§ TASK GOAL
Your task is to copy the stretch of lines in the records below that begins with the line containing "Photo of property" and ends with the line containing "Asiatische Rindfleisch-Pizza", exactly as written, with nothing added.

§ RECORDS SUPPLIED
<<<<
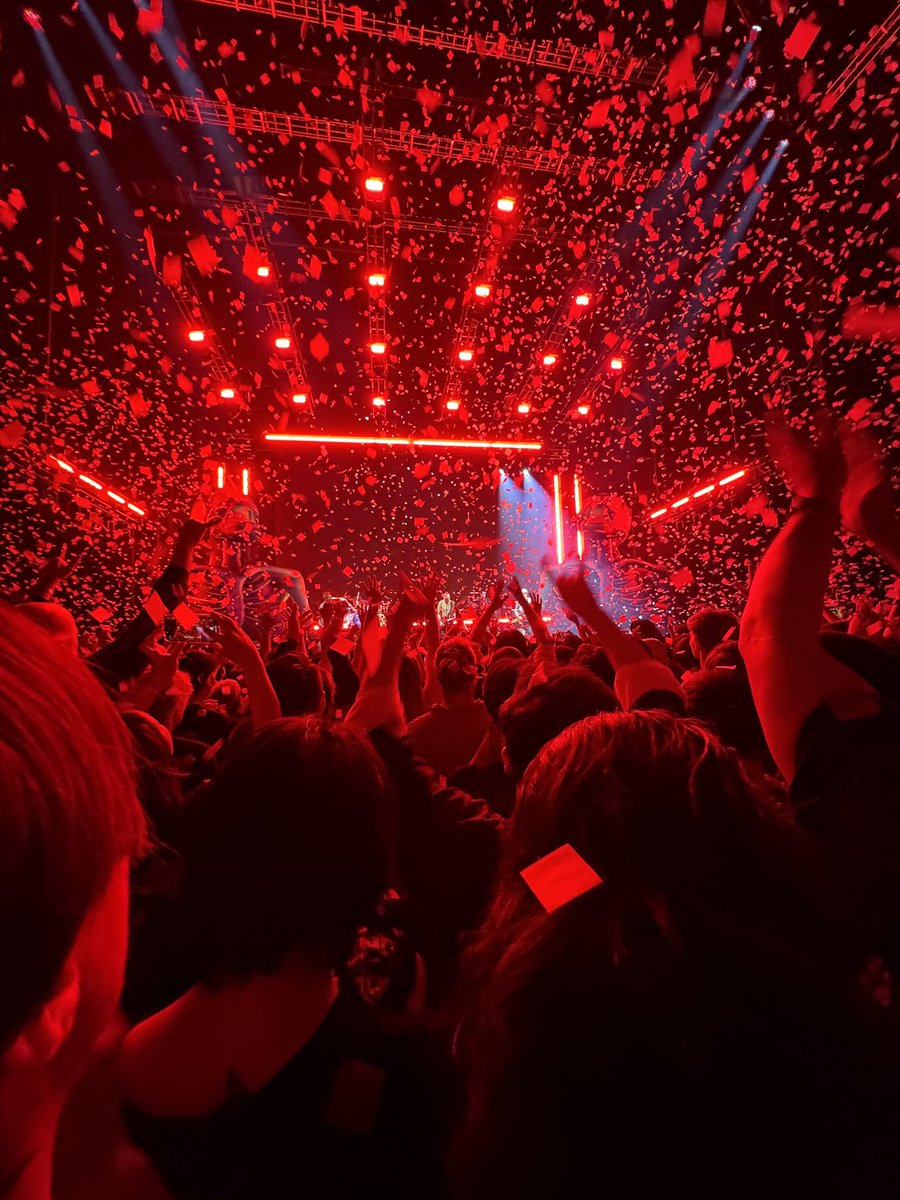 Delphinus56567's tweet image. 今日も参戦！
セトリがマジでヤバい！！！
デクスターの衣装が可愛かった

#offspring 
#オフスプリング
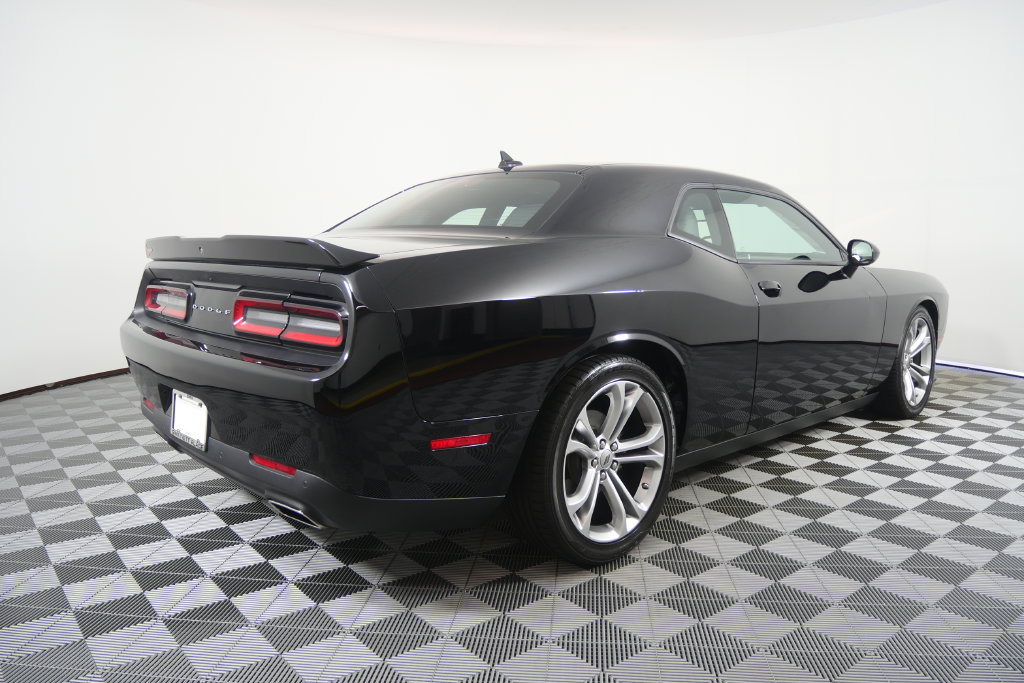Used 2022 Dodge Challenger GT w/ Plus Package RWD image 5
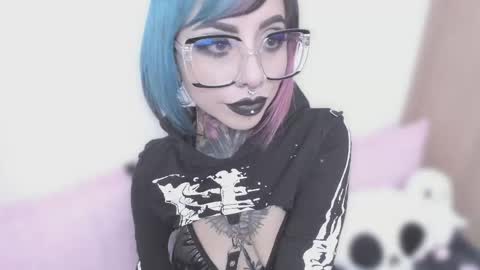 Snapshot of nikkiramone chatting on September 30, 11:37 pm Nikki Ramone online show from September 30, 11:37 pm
>>>>
<<<<
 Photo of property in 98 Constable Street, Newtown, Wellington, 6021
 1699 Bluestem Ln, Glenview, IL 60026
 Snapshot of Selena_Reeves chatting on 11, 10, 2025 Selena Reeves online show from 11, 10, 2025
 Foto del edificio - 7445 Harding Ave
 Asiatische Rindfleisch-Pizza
>>>>
<<<<
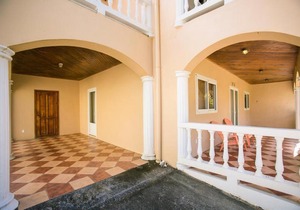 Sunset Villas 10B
>>>>
§ SOLUTION BELOW
 Photo of property in 98 Constable Street, Newtown, Wellington, 6021
 1699 Bluestem Ln, Glenview, IL 60026
 Snapshot of Selena_Reeves chatting on 11, 10, 2025 Selena Reeves online show from 11, 10, 2025
 Foto del edificio - 7445 Harding Ave
 Asiatische Rindfleisch-Pizza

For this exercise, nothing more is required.